One range is to be output from the listing below, exactly as written: the line with "تاچ پد لپ تاپ" to the line with "Citroen Berlingo Berlingo", both kept.

» Material for the task
=== Begin Enclosure ===
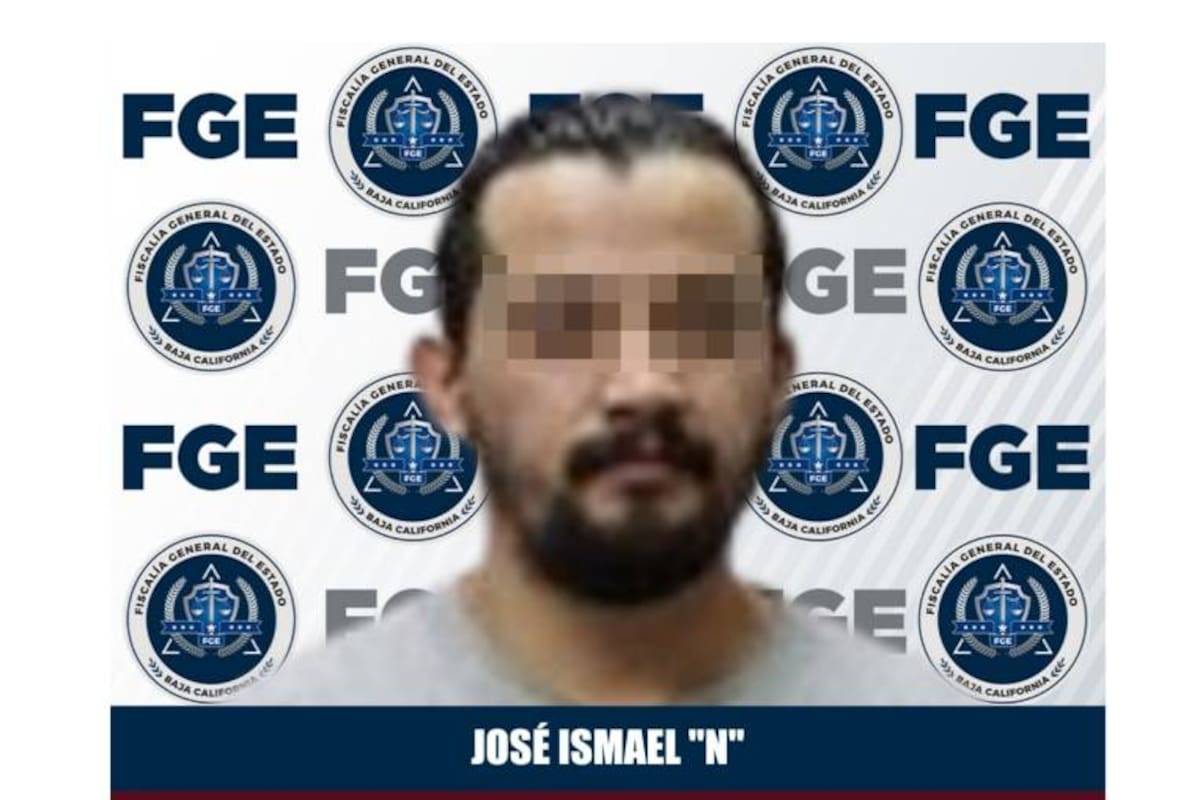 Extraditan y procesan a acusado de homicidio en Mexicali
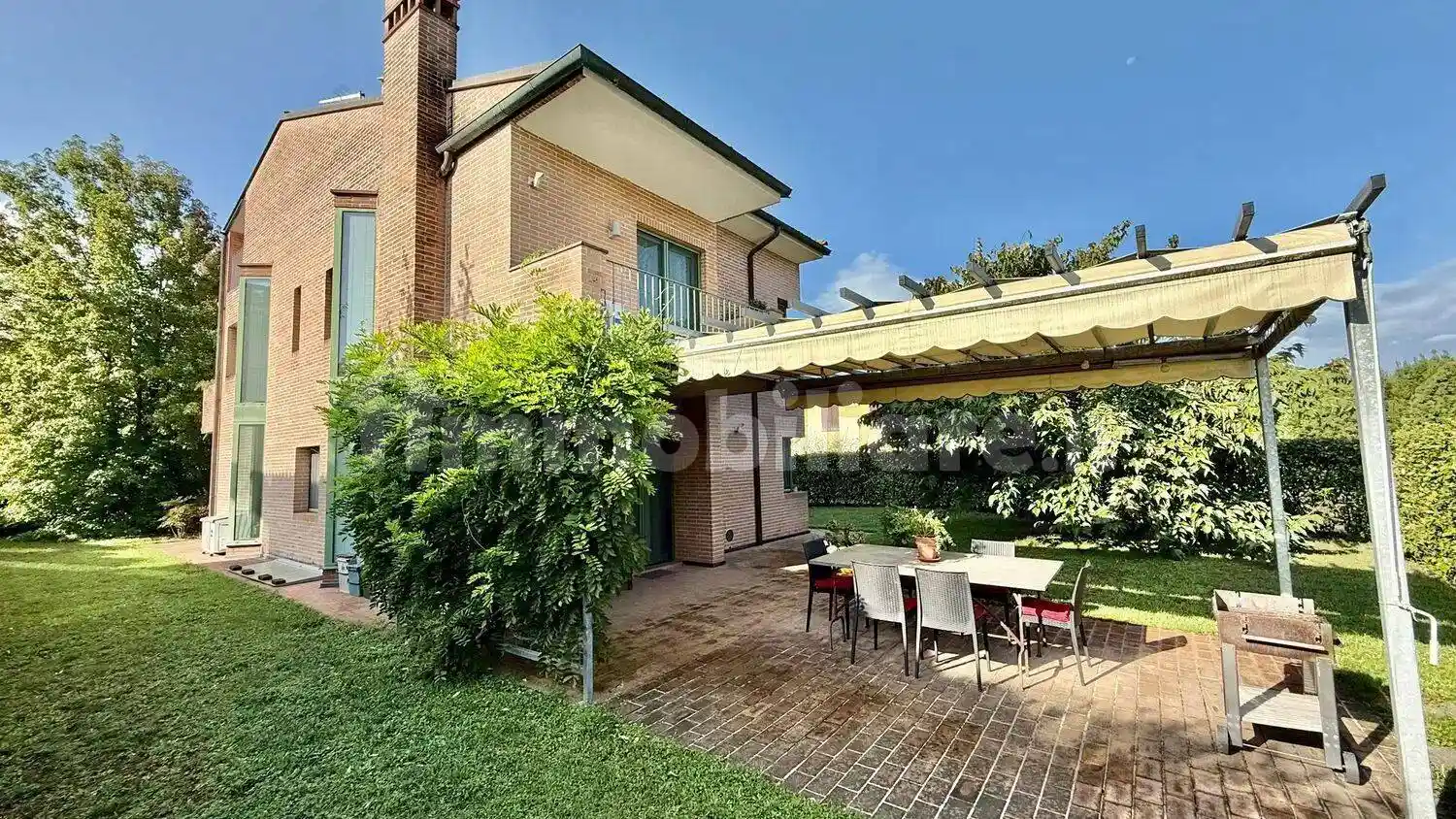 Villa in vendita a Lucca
=== End Enclosure ===
=== Begin Enclosure ===
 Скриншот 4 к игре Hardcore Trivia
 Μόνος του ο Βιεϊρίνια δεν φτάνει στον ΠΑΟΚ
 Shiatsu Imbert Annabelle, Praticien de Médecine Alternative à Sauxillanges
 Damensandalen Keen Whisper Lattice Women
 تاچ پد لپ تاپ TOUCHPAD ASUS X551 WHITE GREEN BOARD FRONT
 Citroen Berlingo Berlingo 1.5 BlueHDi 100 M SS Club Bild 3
=== End Enclosure ===
» Solution for this exercise
 تاچ پد لپ تاپ TOUCHPAD ASUS X551 WHITE GREEN BOARD FRONT
 Citroen Berlingo Berlingo 1.5 BlueHDi 100 M SS Club Bild 3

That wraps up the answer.